En la España pacata de Franco, Buenos días tristeza llegó a ser publicada, pero, ay, con la intención de enviar todos los ejemplares a las sucursales de Plaza y Janés en América Latina. Algunos de esos viajeros volúmenes volvieron a la Península bajo mano, y se vendieron, de manera clandestina, en la trastienda de las librerías más progres.
¿Qué es lo que pudo desencadenar todo ese escándalo, al que, por otra parte, los franceses estaban tan acostumbrados desde los tiempos de Madame Bovary y todo el proceso judicial abierto contra su autor? Sin duda, el hecho, poco común, de que una menor de edad aludiera, con pelos y señales, aunque sin crudeza ni mal gusto, a la sexualidad femenina. A nuestra Carmen Laforet, que ganó la primera edición del premio Nadal con algo más de veinte años con Nada en 1945, le sucedió algo parecido, pero se libró de la férrea censura franquista porque ella supo enmascarar lo más carnal de su obra para que no fuera advertido con facilidad.
Buenos días tristeza es un verdadero canto a una clase de vida a la que sólo tienen acceso los ricos. De hecho, el padre de Cécile, la joven protagonista, alter ego, sin duda, de la propia Sagan, es un cuarentón bien parecido, con no poca fortuna, y coleccionista de mujeres jóvenes y guapas. La acción transcurre, en su mayor parte, en la Costa Azul francesa, en una lujosa villa de verano, cercana a lugares tan emblemáticos como Saint-Raphael o Niza, reconocidos refugios de los parisinos con pasta y gustos refinados.
Llama la atención —y eso fue, sobre todo, lo que despertó el interés de los primeros editores en Francia— la presencia de frases geniales, propias, más bien, de una mente madura, que ha leído, que ha viajado, amado y vivido con toda intensidad. Frases que nos recuerdan al mejor Albert Camus, con ese inequívoco matiz existencialista de quienes ven pasar la vida mientras encienden su cigarrillo bajo la lluvia: “Nos acostumbramos —escribe Françoise Sagan en su libro— a los defectos de los demás cuando nos creemos obligados a corregirlos”.
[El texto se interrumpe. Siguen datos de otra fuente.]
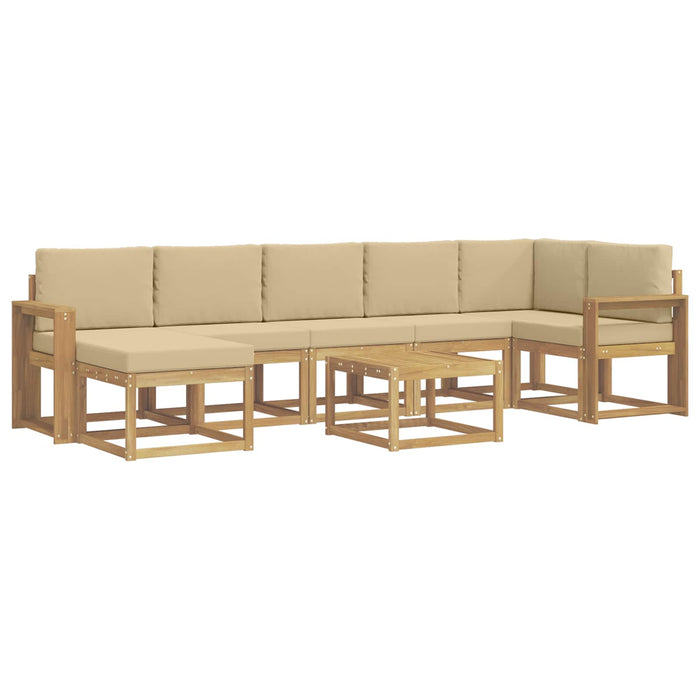 Set de canapele de exterior cu pernă 8 pcs Alb și Bej Poliester WALTI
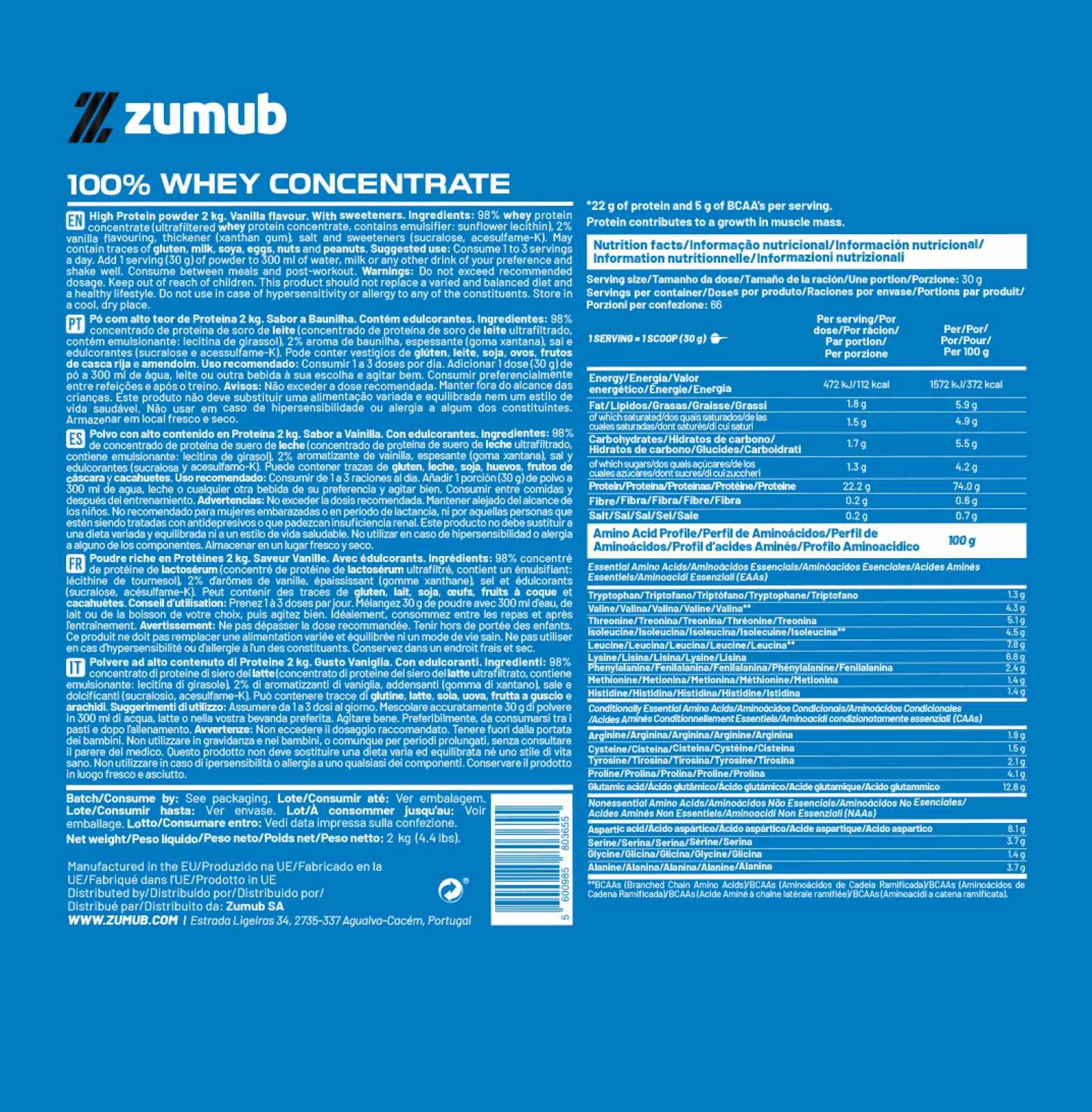 Zumub Proteína 100% Whey Concentrada 2kg   Vainilla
En estas páginas, se propugna, además, la sagrada libertad de pensar; y la sagrada libertad de elegir uno mismo la vida que más le convenga, lo que suponía un mensaje revolucionario en un país tan adelantado intelectualmente como Francia, pero que acababa de salir de una guerra que había convertido a sus ciudadanos en verdaderos zombis que se debatían entre el ser y la nada.